START DATA

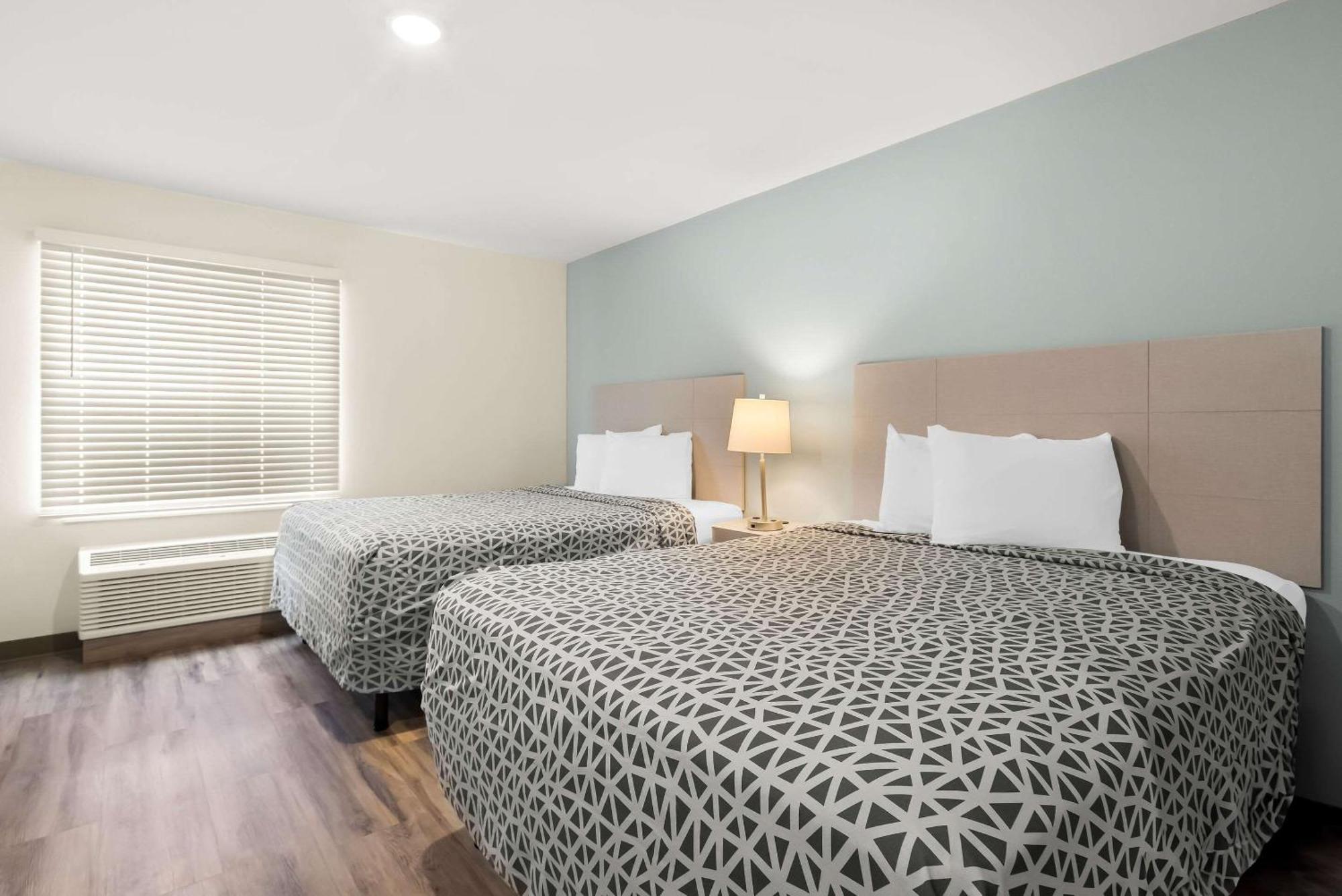 Woodspring Suites Savannah West Chatham Parkway Екстериор снимка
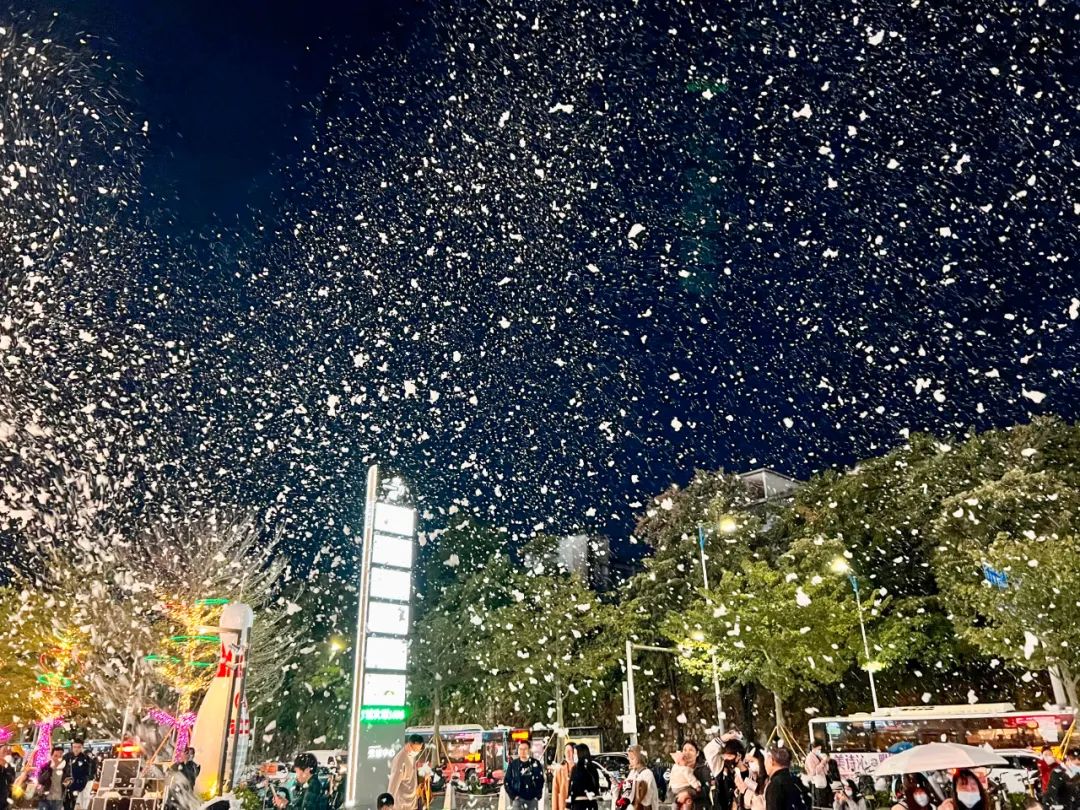 冰雪世界深圳哪来的雪,深圳冰雪世界嬉雪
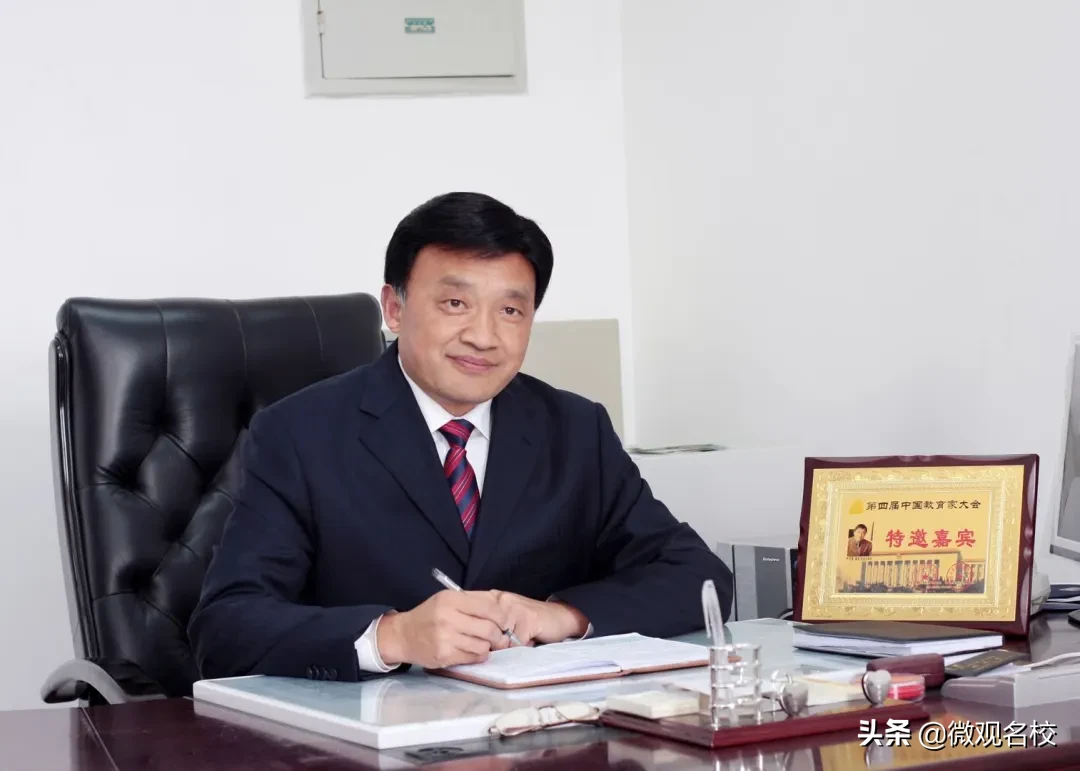 陈宇、何佳庠...这群有共同情怀的人铸就了成川外的“定海神棒”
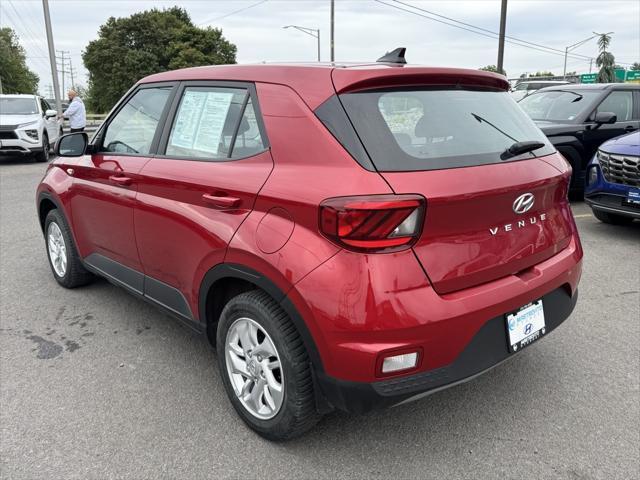 2022 hyundai venue se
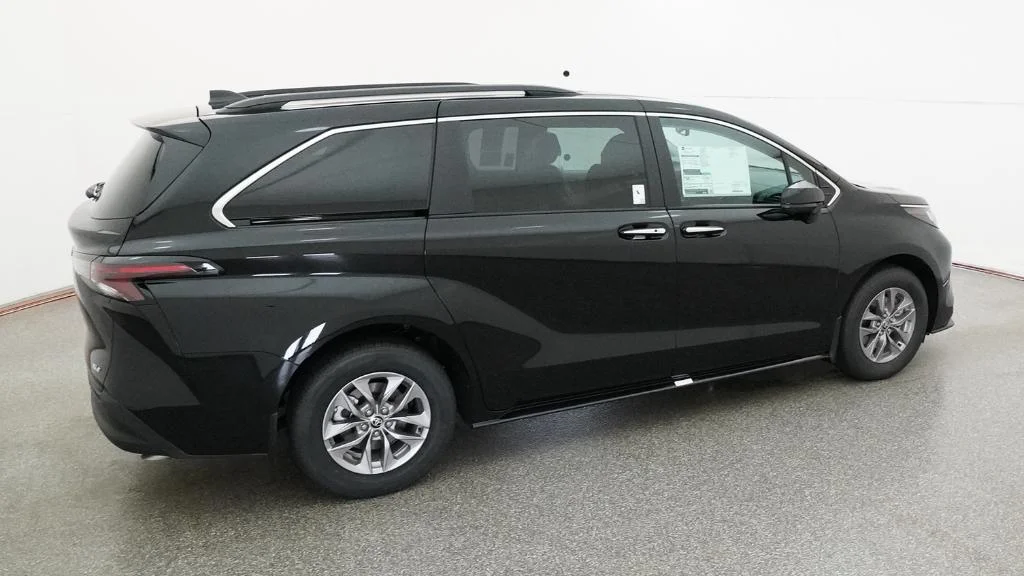 New 2026 Midnight Black Metallic Toyota XLE image 11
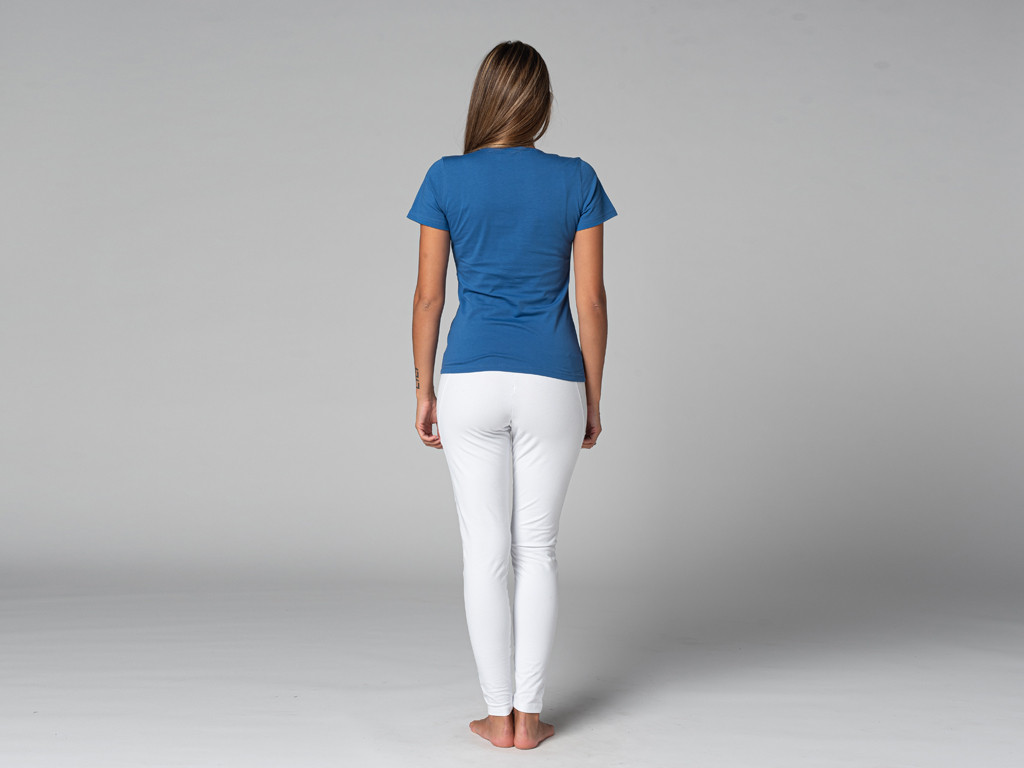 Camiseta TARA M/C com gola larga 100% orgânica Azul quente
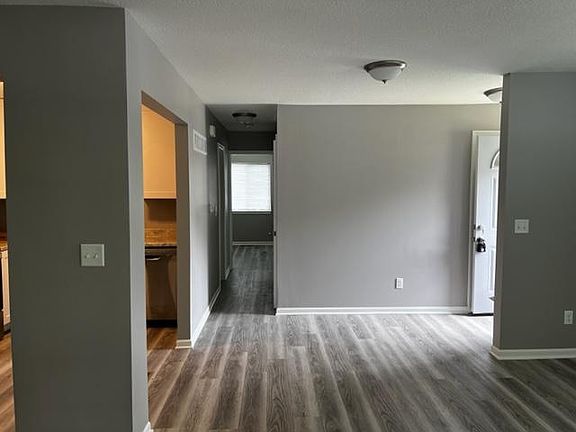 2nd image of 8324 Grandview Ln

END DATA

> [WHAT YOU WILL DO]
Produce an exact copy of the records above, leaving out the pictures.

> [ANSWER BOX]
 Woodspring Suites Savannah West Chatham Parkway Екстериор снимка
 冰雪世界深圳哪来的雪,深圳冰雪世界嬉雪
 陈宇、何佳庠...这群有共同情怀的人铸就了成川外的“定海神棒”
 2022 hyundai venue se
 New 2026 Midnight Black Metallic Toyota XLE image 11
 Camiseta TARA M/C com gola larga 100% orgânica Azul quente
 2nd image of 8324 Grandview Ln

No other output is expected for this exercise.